* ABOUT THIS EXERCISE
Here is the task for the listing below: output exactly the lines from the one containing "ECU Компютър Двигател" through the one containing "Fushimi | restaurant", and leave out the pictures.

START DATA TO USE

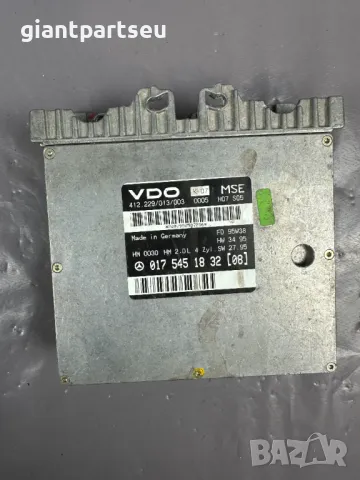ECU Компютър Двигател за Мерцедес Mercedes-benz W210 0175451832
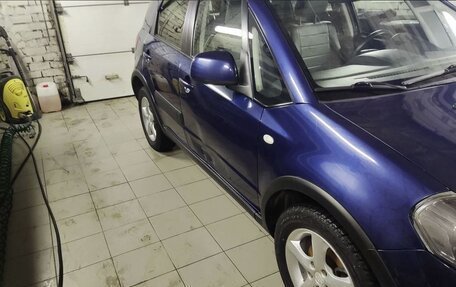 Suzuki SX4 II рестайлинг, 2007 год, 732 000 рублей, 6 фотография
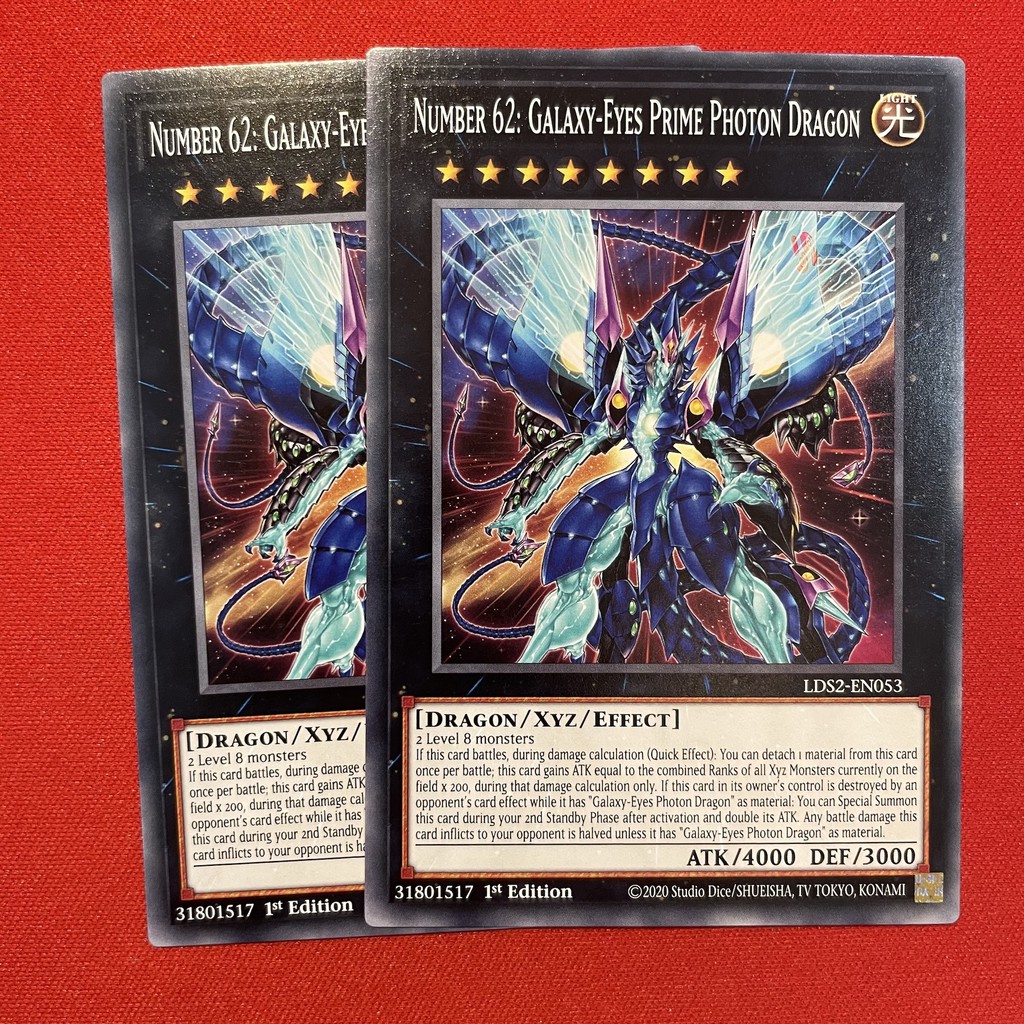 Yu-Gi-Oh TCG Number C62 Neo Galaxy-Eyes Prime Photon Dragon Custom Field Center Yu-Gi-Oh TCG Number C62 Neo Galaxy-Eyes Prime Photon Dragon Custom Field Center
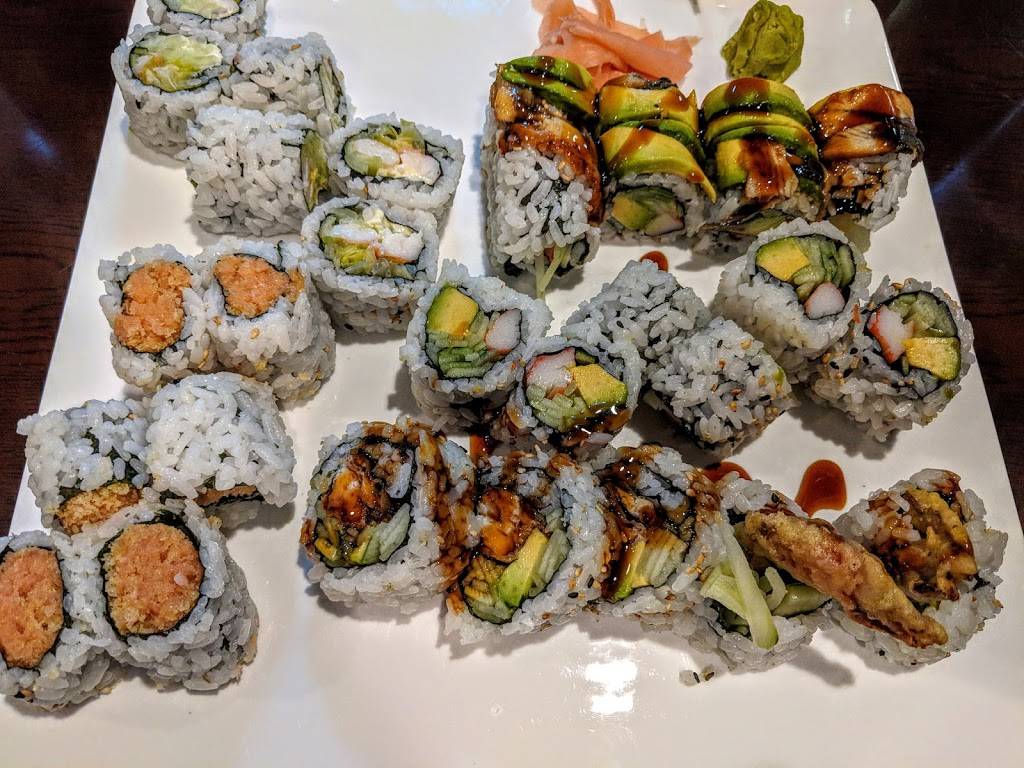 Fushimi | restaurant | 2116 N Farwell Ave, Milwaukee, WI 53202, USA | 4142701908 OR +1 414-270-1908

END DATA TO USE
START DATA TO USE

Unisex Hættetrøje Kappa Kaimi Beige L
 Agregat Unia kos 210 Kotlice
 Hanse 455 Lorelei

END DATA TO USE

* EXERCISE RESPONSE
ECU Компютър Двигател за Мерцедес Mercedes-benz W210 0175451832
 Suzuki SX4 II рестайлинг, 2007 год, 732 000 рублей, 6 фотография
 Yu-Gi-Oh TCG Number C62 Neo Galaxy-Eyes Prime Photon Dragon Custom Field Center Yu-Gi-Oh TCG Number C62 Neo Galaxy-Eyes Prime Photon Dragon Custom Field Center
 Fushimi | restaurant | 2116 N Farwell Ave, Milwaukee, WI 53202, USA | 4142701908 OR +1 414-270-1908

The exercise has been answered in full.